[Start of section]

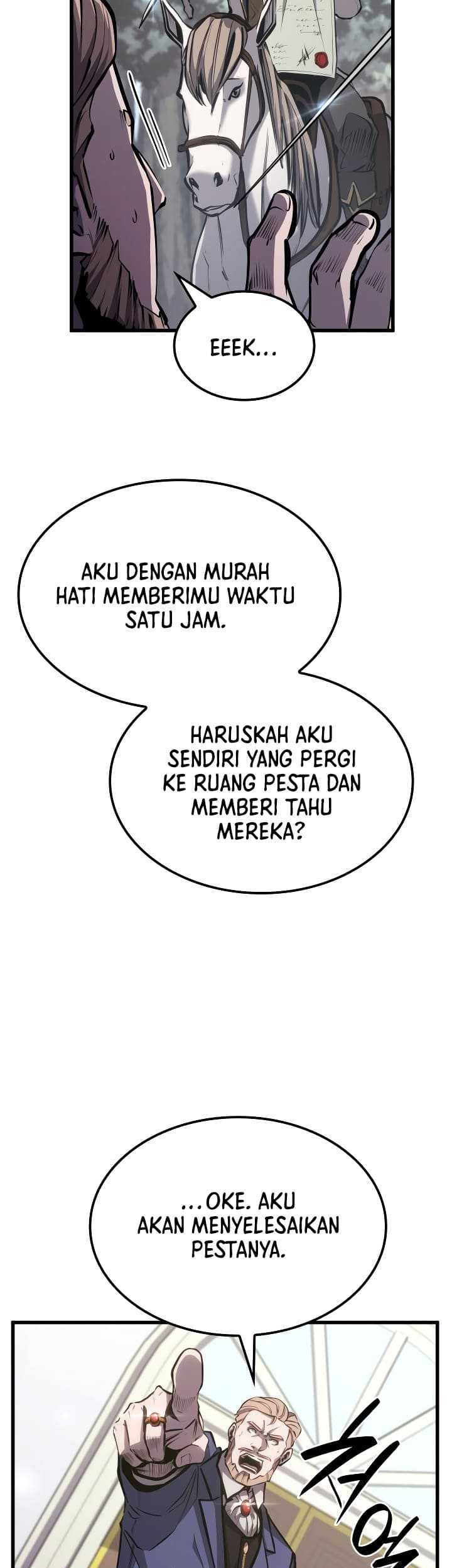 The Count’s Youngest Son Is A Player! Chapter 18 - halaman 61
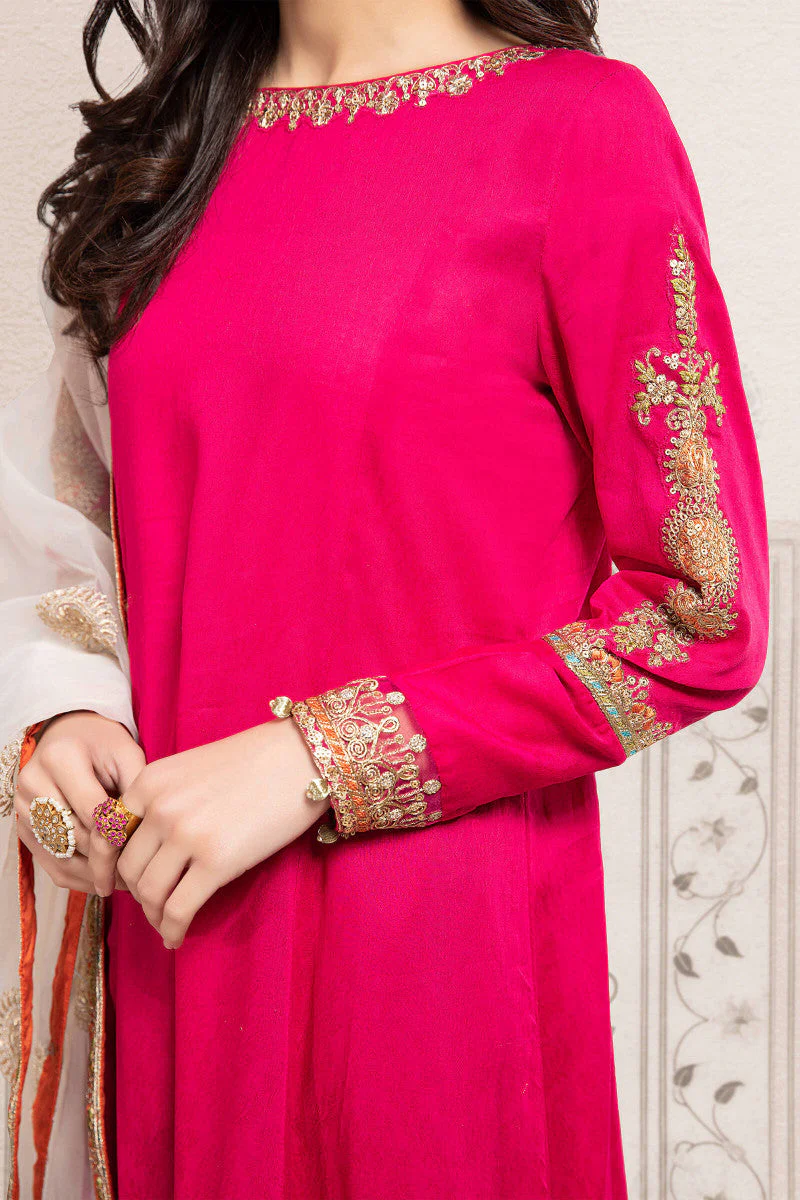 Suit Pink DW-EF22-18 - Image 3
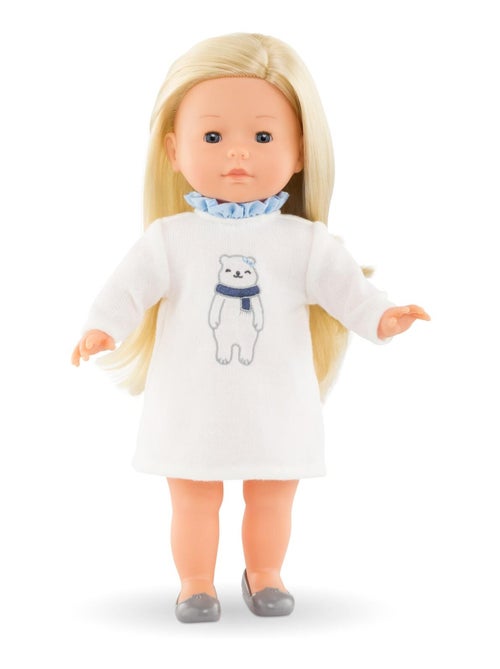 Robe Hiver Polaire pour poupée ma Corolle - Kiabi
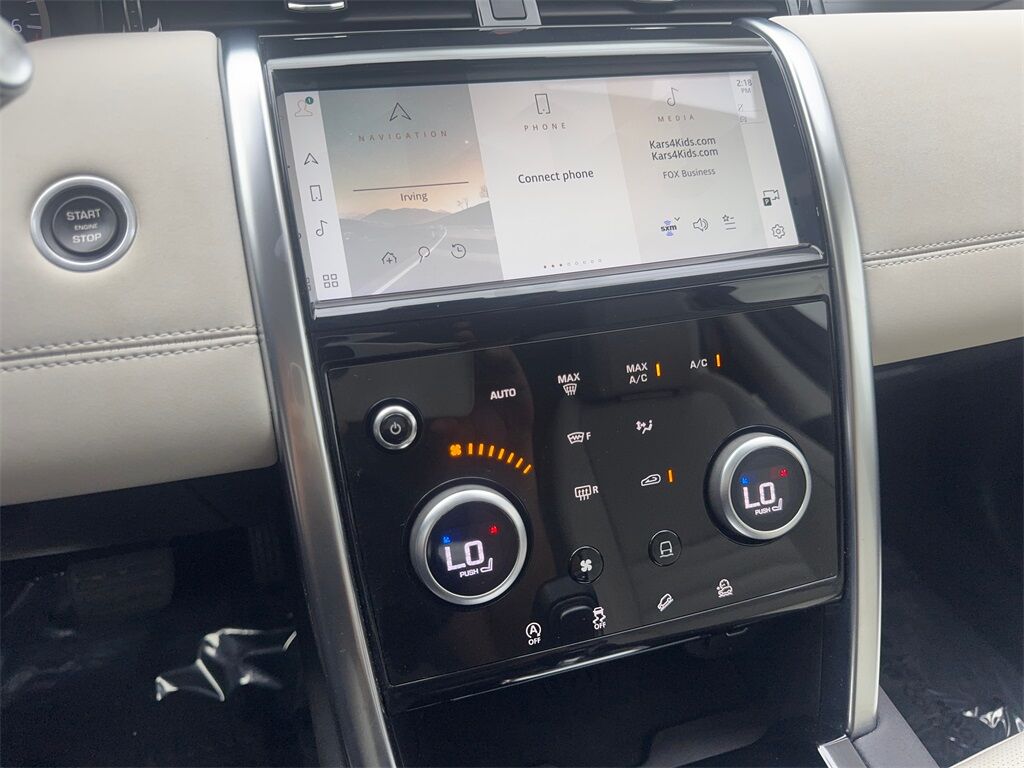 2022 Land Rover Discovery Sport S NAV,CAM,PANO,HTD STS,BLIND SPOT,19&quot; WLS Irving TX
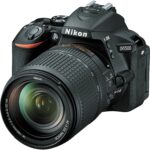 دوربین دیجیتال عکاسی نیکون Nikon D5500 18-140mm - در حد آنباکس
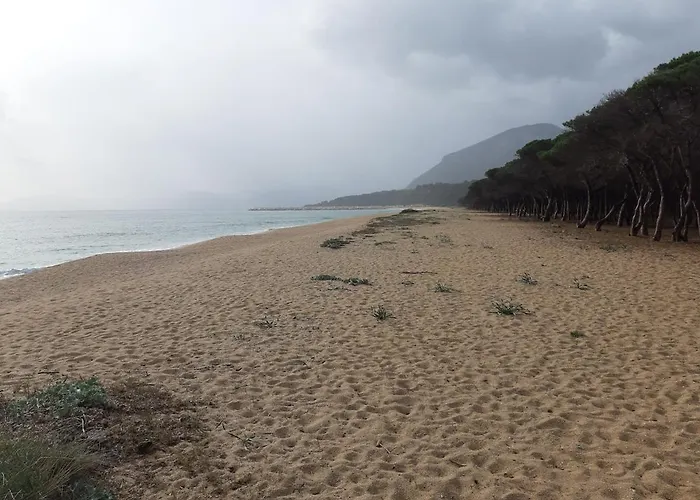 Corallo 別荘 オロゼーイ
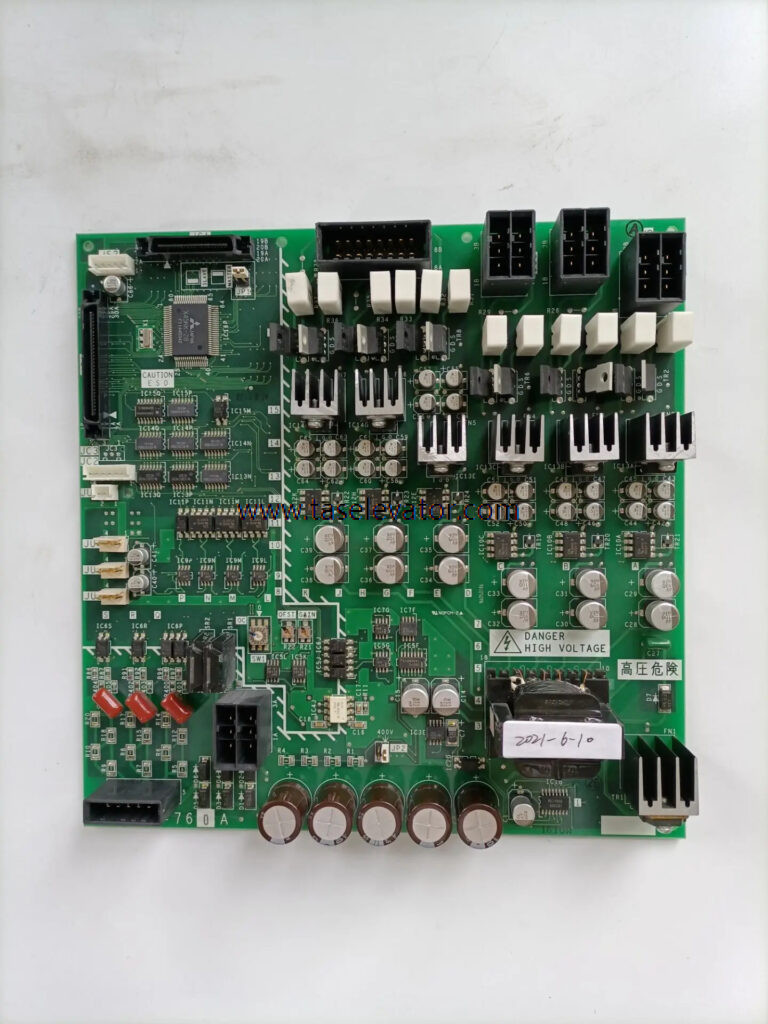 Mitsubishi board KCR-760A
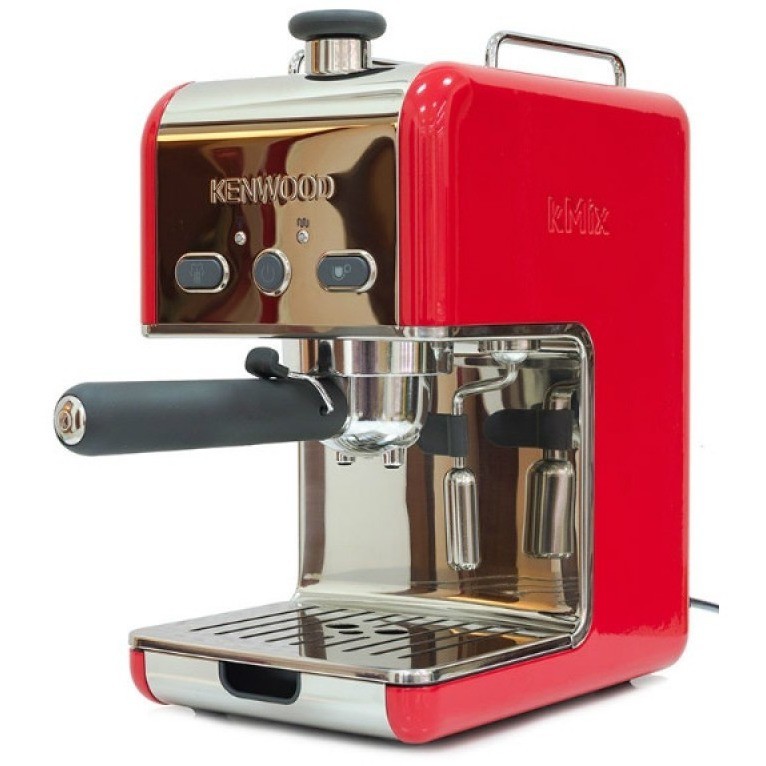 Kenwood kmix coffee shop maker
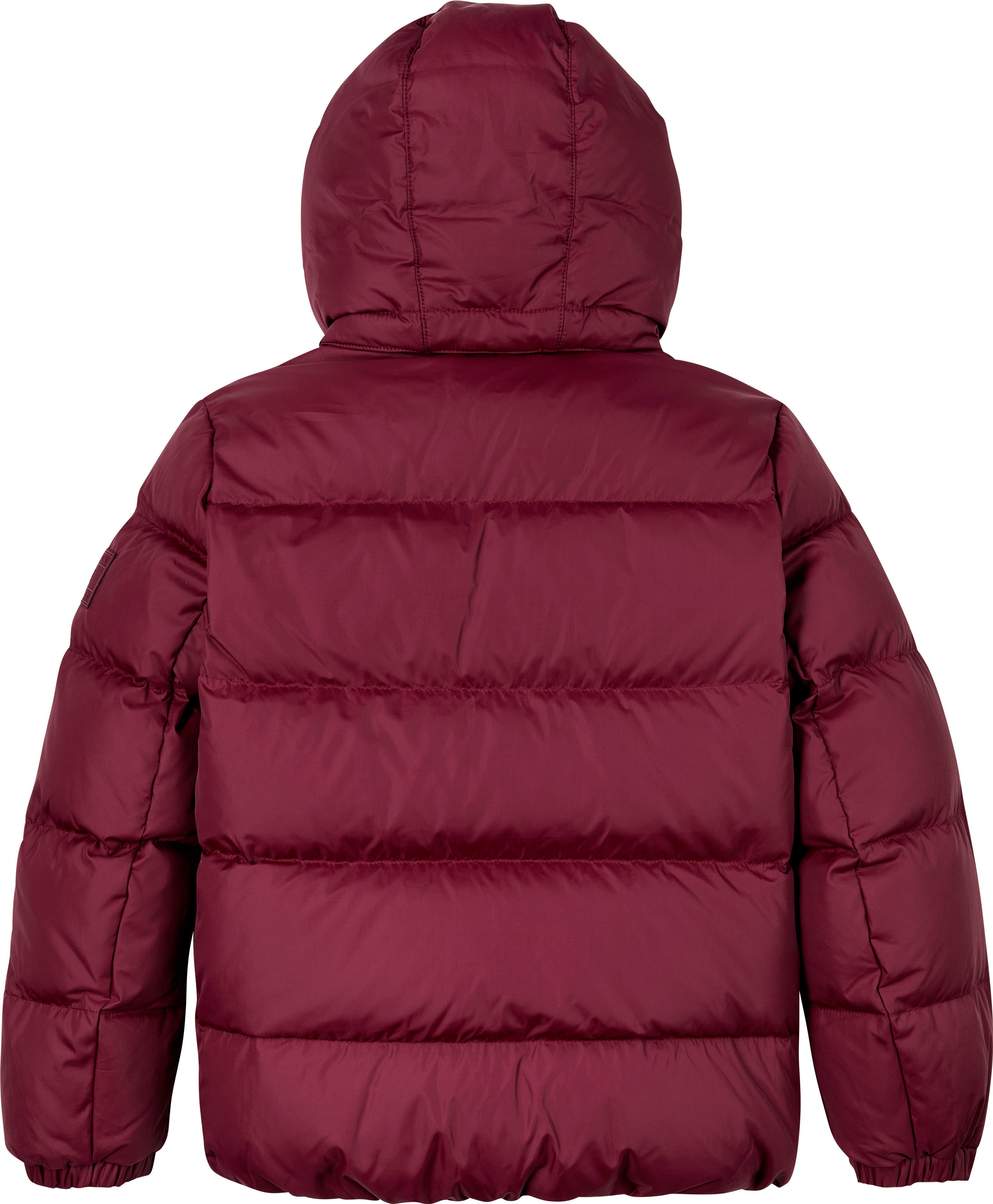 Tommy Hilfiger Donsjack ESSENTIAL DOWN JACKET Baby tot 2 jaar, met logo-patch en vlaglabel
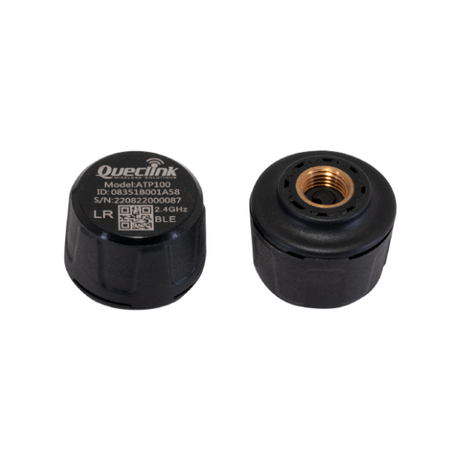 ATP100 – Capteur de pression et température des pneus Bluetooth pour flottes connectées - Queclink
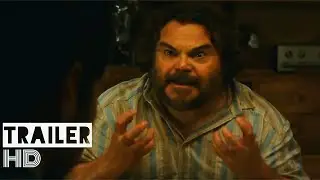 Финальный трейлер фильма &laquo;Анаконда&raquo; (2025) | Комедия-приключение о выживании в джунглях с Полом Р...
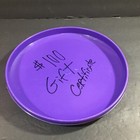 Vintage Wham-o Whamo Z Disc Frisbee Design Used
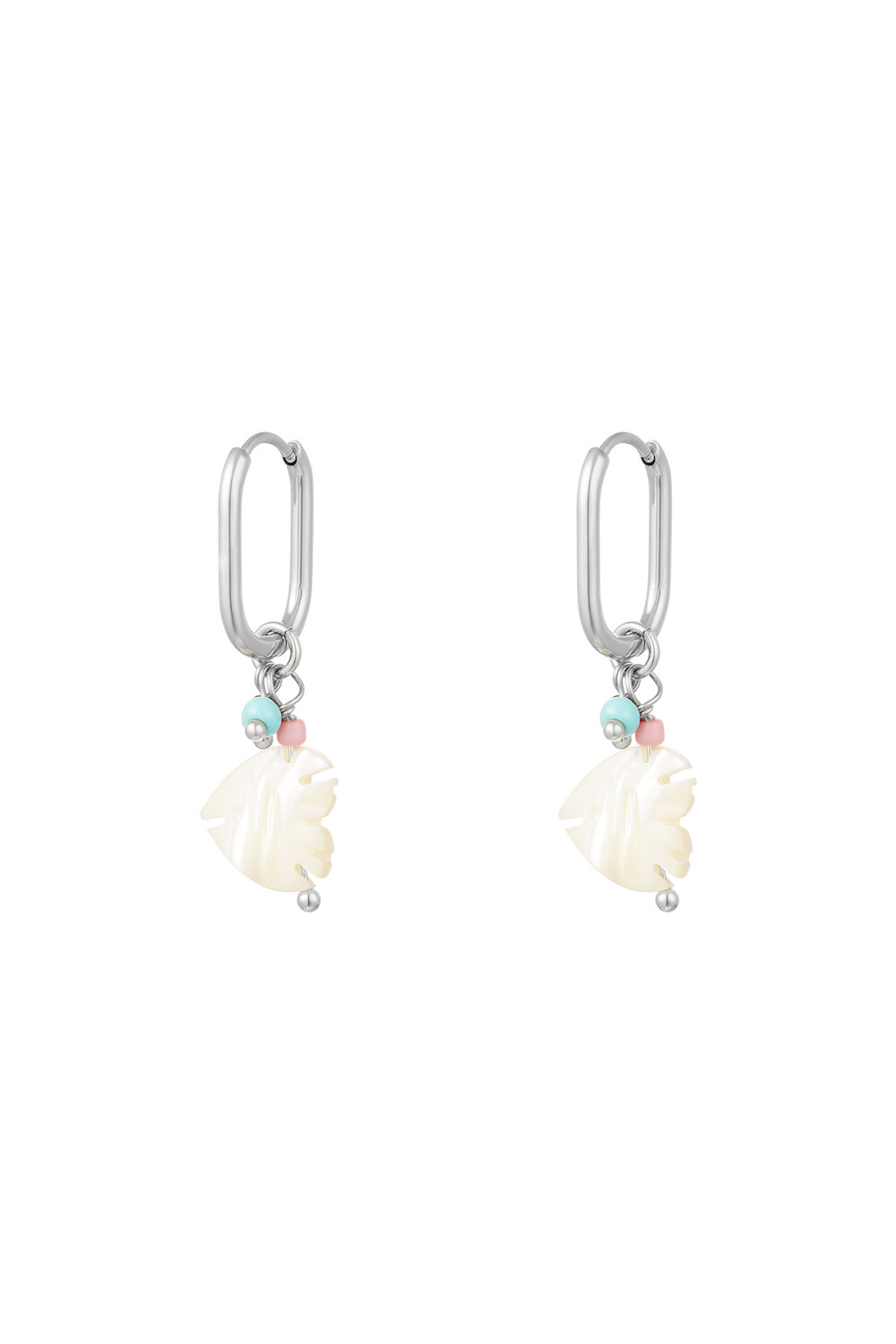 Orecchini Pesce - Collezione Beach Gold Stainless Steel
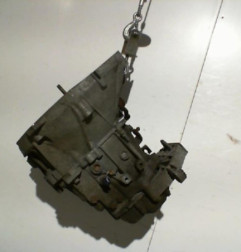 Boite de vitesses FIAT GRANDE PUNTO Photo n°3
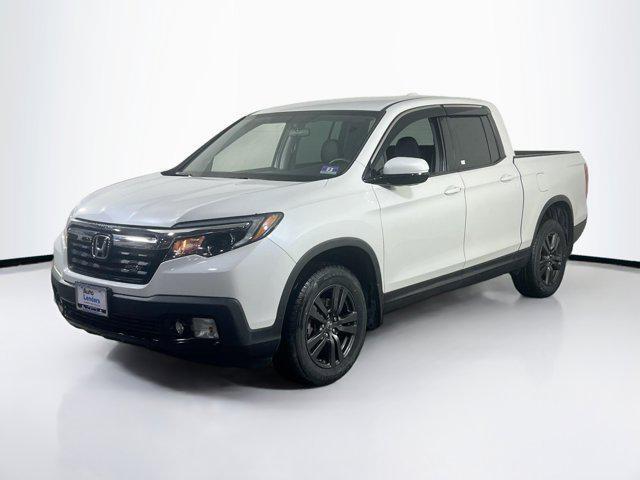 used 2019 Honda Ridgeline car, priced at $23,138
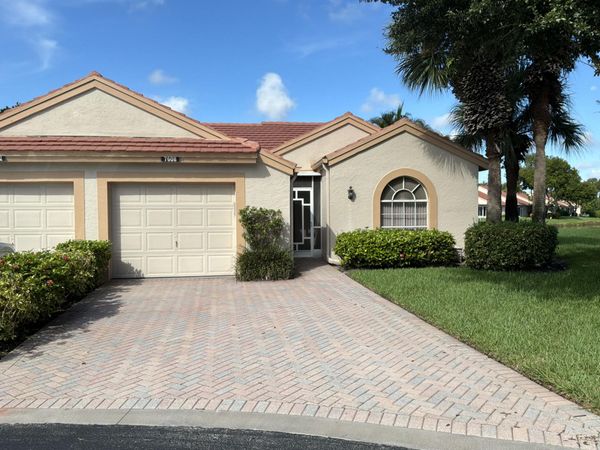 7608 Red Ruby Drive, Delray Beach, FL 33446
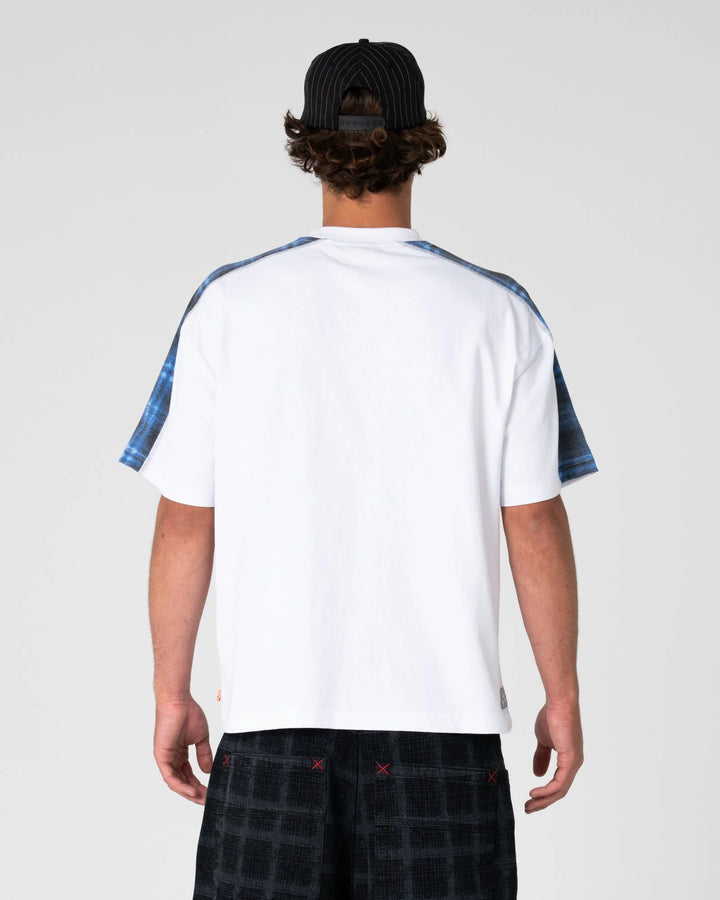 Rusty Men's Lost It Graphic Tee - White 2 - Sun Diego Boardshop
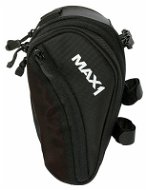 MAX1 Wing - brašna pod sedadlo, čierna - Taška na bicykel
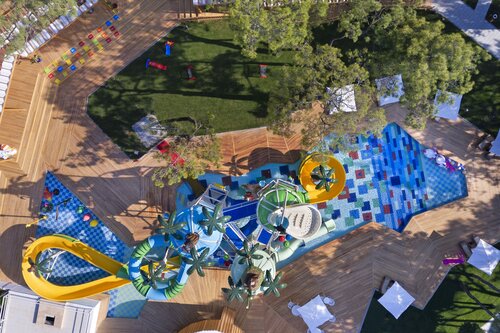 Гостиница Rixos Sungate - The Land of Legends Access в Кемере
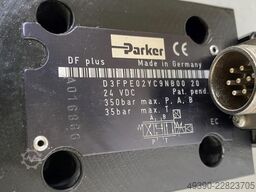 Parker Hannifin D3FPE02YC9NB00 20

[End of section]

## Problem details
The required answer is an exact, picture-free copy of the lines from the opening of the listing above through the line with "Kenwood kmix coffee shop maker".

## Answer section
 The Count’s Youngest Son Is A Player! Chapter 18 - halaman 61
 Suit Pink DW-EF22-18 - Image 3
 Robe Hiver Polaire pour poupée ma Corolle - Kiabi
 2022 Land Rover Discovery Sport S NAV,CAM,PANO,HTD STS,BLIND SPOT,19&quot; WLS Irving TX
 دوربین دیجیتال عکاسی نیکون Nikon D5500 18-140mm - در حد آنباکس
 Corallo 別荘 オロゼーイ
 Mitsubishi board KCR-760A
 Kenwood kmix coffee shop maker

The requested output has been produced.